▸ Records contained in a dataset
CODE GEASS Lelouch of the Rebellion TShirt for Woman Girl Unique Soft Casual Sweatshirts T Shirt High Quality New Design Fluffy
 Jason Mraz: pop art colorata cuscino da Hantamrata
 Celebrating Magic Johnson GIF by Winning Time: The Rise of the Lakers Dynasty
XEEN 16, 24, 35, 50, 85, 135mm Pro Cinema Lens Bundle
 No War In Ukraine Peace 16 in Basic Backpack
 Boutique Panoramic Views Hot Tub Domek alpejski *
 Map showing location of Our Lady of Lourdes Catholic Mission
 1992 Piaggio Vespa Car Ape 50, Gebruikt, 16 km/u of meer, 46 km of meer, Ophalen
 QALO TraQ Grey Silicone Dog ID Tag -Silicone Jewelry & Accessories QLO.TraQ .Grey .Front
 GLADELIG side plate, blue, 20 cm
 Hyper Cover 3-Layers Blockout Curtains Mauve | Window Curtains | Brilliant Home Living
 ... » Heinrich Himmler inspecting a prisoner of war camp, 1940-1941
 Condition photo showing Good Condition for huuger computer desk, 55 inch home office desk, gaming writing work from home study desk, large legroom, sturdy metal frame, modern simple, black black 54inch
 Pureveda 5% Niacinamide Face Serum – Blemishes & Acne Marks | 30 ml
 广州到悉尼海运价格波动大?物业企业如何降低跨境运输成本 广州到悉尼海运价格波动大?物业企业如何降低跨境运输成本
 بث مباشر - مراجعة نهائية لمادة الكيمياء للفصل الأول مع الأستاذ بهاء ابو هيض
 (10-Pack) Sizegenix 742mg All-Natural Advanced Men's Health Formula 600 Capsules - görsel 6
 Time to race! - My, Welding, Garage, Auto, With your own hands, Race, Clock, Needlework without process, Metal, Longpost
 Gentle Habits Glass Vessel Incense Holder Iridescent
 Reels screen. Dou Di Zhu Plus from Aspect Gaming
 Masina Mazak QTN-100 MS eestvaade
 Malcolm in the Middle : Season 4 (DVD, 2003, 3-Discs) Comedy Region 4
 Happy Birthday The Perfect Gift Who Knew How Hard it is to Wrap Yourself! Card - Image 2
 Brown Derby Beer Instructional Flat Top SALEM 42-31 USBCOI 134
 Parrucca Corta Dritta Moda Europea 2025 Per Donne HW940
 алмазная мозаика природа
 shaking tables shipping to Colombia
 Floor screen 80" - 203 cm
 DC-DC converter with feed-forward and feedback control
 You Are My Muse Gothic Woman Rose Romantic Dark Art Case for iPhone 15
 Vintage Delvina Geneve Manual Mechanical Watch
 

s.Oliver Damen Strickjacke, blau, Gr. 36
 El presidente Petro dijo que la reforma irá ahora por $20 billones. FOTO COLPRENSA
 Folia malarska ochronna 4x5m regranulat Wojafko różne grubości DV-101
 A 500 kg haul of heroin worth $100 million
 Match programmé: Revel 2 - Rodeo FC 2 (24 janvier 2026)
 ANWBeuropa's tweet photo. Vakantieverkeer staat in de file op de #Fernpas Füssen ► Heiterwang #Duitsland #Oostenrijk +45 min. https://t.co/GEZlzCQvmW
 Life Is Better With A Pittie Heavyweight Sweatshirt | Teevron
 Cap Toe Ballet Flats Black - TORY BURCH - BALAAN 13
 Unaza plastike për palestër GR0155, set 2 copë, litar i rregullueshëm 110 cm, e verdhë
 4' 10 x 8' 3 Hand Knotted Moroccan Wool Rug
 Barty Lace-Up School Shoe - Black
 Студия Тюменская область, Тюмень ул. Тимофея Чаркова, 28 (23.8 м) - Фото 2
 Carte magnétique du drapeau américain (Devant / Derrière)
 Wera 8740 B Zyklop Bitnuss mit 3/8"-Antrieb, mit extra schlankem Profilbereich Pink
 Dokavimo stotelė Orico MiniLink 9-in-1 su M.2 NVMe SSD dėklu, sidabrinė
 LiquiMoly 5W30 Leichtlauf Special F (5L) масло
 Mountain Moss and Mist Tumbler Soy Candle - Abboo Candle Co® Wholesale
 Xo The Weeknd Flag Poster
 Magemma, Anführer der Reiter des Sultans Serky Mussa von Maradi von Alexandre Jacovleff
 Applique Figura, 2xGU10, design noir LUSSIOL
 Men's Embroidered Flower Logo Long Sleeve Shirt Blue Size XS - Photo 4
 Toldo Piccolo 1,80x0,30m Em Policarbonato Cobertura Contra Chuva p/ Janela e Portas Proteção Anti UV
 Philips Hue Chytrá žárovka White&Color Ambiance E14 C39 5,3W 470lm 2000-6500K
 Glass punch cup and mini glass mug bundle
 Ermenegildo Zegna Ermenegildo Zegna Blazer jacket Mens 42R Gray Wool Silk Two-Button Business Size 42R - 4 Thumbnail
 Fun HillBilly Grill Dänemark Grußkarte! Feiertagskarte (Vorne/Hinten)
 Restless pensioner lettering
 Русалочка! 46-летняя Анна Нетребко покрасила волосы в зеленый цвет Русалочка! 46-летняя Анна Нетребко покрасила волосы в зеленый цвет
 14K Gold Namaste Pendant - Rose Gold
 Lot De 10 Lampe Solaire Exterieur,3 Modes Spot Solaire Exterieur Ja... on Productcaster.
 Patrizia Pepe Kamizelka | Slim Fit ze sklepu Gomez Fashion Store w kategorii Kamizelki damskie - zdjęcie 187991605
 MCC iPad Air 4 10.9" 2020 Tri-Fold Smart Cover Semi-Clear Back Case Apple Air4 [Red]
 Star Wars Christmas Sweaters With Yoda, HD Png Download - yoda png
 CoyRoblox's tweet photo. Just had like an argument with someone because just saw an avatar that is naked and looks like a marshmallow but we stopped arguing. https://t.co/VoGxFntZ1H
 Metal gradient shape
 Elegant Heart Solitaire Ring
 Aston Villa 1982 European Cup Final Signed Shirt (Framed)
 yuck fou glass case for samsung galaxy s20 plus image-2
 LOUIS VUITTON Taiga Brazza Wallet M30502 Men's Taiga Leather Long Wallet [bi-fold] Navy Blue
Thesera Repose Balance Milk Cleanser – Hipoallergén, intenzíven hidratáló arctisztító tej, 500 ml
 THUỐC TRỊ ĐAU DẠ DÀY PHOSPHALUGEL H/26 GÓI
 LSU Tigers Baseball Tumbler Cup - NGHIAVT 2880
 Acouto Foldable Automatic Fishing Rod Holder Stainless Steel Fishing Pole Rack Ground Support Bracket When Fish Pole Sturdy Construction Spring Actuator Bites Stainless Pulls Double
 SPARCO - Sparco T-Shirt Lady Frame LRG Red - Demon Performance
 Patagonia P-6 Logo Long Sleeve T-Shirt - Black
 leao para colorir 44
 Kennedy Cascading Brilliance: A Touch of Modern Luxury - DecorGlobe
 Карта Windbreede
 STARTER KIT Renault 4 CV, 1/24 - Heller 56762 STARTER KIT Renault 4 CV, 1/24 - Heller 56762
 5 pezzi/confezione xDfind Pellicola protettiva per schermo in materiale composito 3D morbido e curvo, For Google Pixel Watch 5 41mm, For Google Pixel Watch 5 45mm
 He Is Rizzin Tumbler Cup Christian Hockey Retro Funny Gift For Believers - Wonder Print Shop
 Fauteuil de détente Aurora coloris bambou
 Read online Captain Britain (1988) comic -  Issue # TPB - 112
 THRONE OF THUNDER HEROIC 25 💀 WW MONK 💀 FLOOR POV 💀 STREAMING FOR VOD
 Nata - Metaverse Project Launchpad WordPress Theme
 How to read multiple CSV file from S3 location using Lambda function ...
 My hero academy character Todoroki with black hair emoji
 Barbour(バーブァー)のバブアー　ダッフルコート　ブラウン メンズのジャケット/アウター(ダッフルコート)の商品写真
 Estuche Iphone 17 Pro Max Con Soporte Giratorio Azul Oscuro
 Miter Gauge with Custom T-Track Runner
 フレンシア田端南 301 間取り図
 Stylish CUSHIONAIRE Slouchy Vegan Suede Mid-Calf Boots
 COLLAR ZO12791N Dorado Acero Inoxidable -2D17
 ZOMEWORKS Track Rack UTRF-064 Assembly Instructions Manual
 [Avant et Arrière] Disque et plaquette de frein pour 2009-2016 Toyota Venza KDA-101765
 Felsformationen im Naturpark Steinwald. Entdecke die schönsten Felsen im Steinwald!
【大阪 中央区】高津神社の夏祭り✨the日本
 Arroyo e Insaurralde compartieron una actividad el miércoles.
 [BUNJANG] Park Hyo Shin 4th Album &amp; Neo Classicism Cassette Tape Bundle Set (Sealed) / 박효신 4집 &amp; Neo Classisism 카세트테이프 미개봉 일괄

▸ What needs to be done
What is needed is every line from the beginning of the data up to and including the line with "Jason Mraz: pop", given again word for word.

▸ Answer space
CODE GEASS Lelouch of the Rebellion TShirt for Woman Girl Unique Soft Casual Sweatshirts T Shirt High Quality New Design Fluffy
 Jason Mraz: pop art colorata cuscino da Hantamrata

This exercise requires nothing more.